- [BRIEF] Please set down each of the lines below once more, exactly, omitting all pictures.

- [DATA SHOWN]
==*==

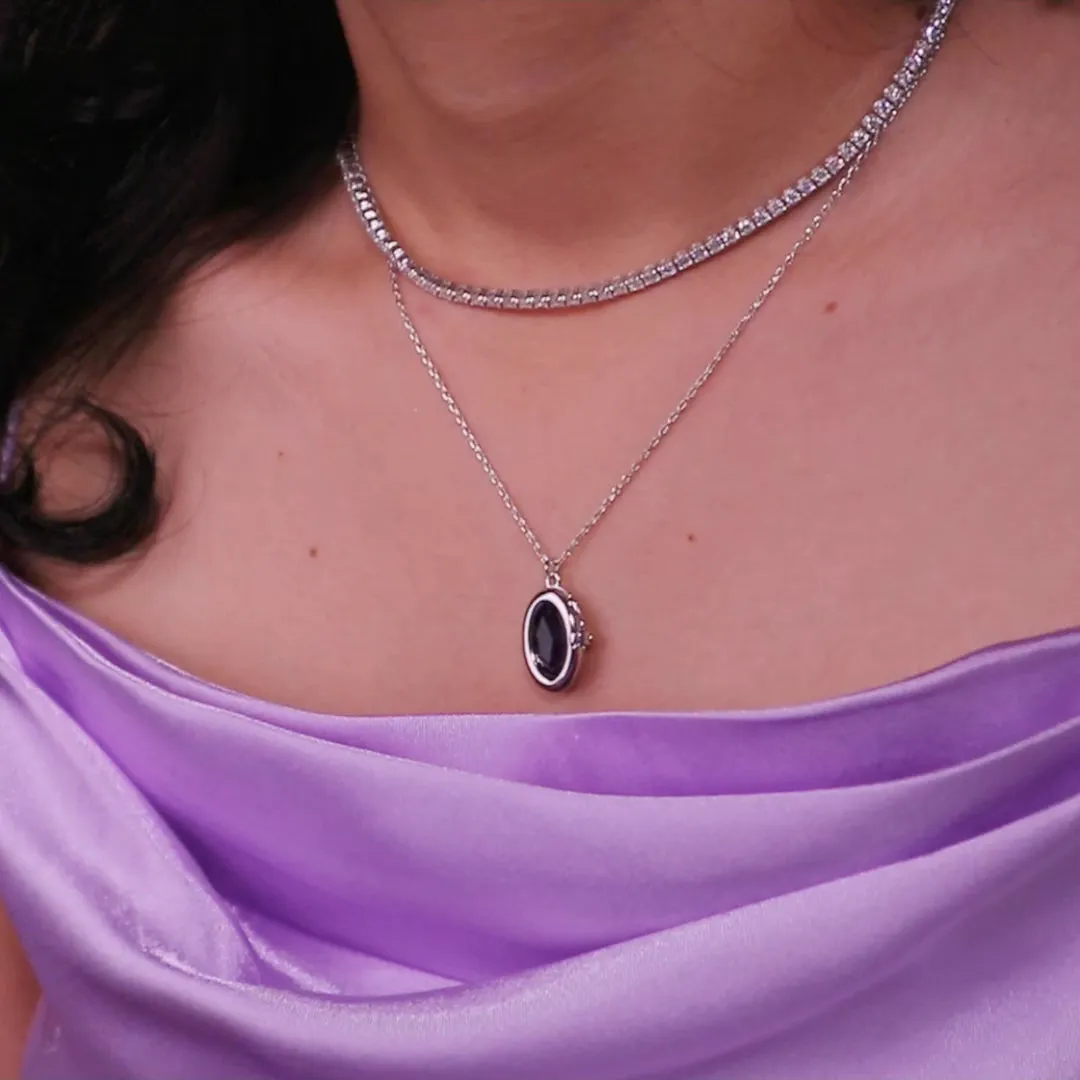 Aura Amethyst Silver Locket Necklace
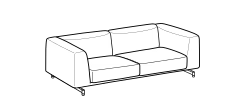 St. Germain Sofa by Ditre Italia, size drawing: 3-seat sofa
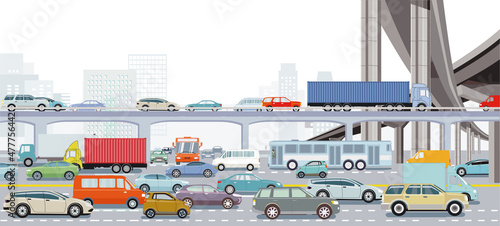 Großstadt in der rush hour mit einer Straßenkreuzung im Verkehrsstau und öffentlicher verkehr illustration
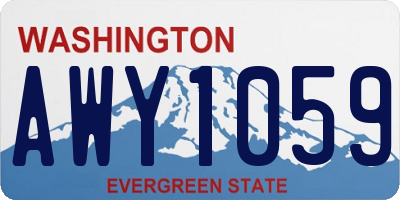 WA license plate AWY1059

==*==

- [RESULT OF THIS TASK]
 Aura Amethyst Silver Locket Necklace
 St. Germain Sofa by Ditre Italia, size drawing: 3-seat sofa
 Großstadt in der rush hour mit einer Straßenkreuzung im Verkehrsstau und öffentlicher verkehr illustration
 WA license plate AWY1059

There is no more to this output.